Second Normal Form: 2NF

A table is in the second normal form if it's in the first normal form AND no column that is not part of the primary key is dependant only a portion of the primary key.

The concept of functional dependency in central to normalisation and, in particular, strongly related to 2NF

Second Degree Normalised Tables: ACTOR Table:
ID Name Age
001 Tom Cruise 53
002 Brad Pitt 50
003 George Clooney 54
MOVIES Table:
ID Movie Language
001 Mission Impossible English
001 Top gun English
002 Seven English
002 Troy English
003 ER English
003 Gravity English
  • A relation is in 2NF if it contains no repeating groups and no partial key functional dependencies
  • Rule: A relation in 1NF with a single key field must be in 2NF
  • To convert a relation with partial functional dependencies to 2NF. create a set of new relations:
  • One relation for the attributes that are fully dependent upon the key.
  • One relation for each part of the key that has partially dependent attributes

Third Normal Form: 3NF

A table is in the third normal form if it is the second normal form and there are no non-key columns dependant on other non-key columns that could not act as the primary key.
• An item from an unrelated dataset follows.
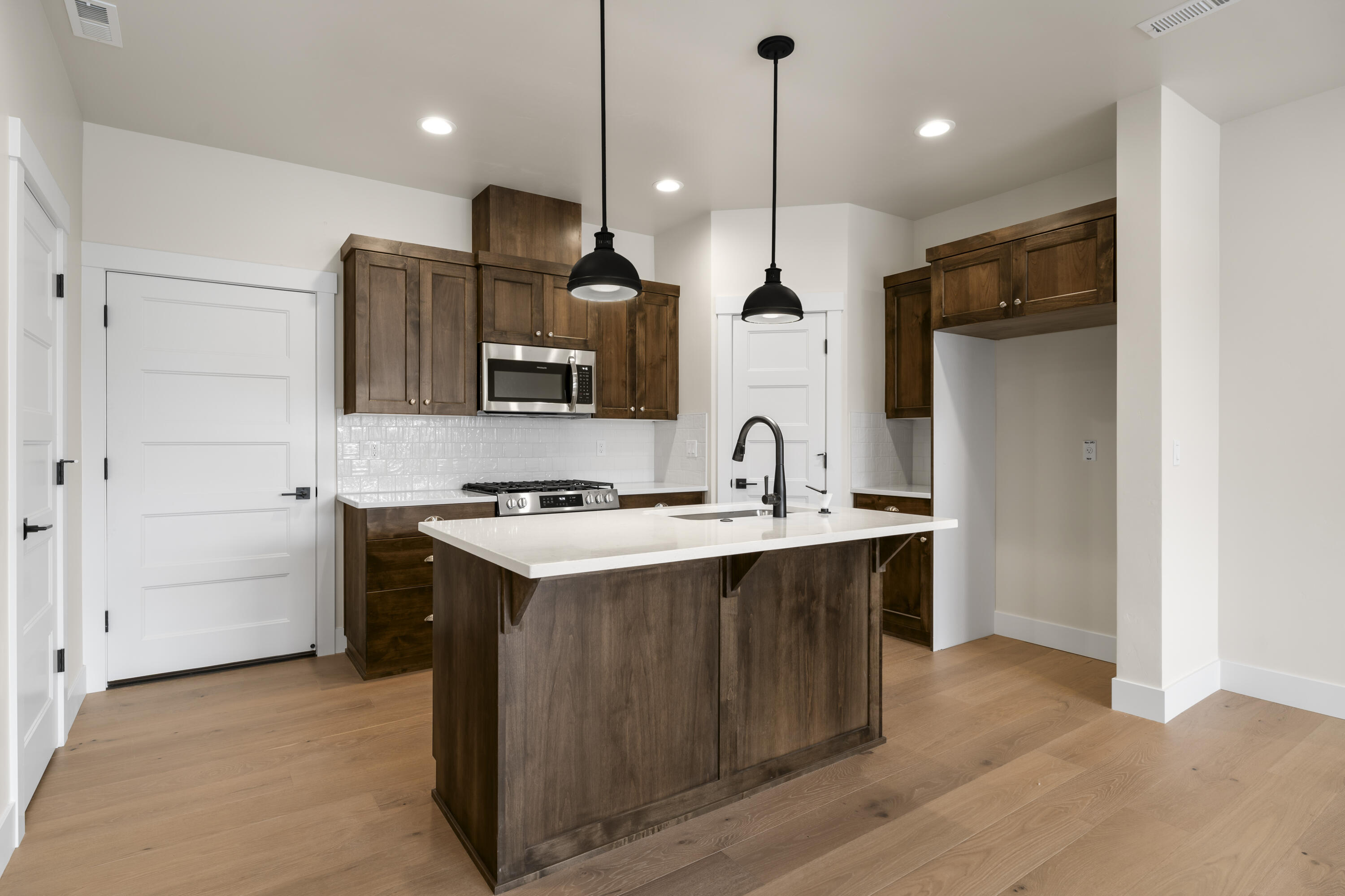 3989 SW Coyote Avenue Lot 157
Third Degree Normalised Tables: ACTOR Table:
ID Name Age
001 Tom Cruise 53
002 Brad Pitt 50
003 George Clooney 54
LANGUAGE Table:
LANG_ID LANGUAGE
L1 English
MOVIES Table:
ID Movie LANG_ID
001 Mission Impossible L1
001 Top gun L1
002 Seven L1
002 Troy L1
003 ER L1
003 Gravity L1
  • A relation is in 3NF if it contains no repeating groups, no partial functional dependencies, and no transitive functional dependencies
  • To convert a relation with transitive functional dependencies to 3NF, remove the attributes involved in the transitive dependency and put them in a new relation
  • Rule: A relation in 2NF with only one non-key attribute must be in 3NF
  • In a normalised relation a non-key field must provide a fact about the key, the whole key and nothing but the key.
  • Relations in 3NF are sufficient for most practical database design problems. However, 3NF does not guarantee that all anomalies have been removed.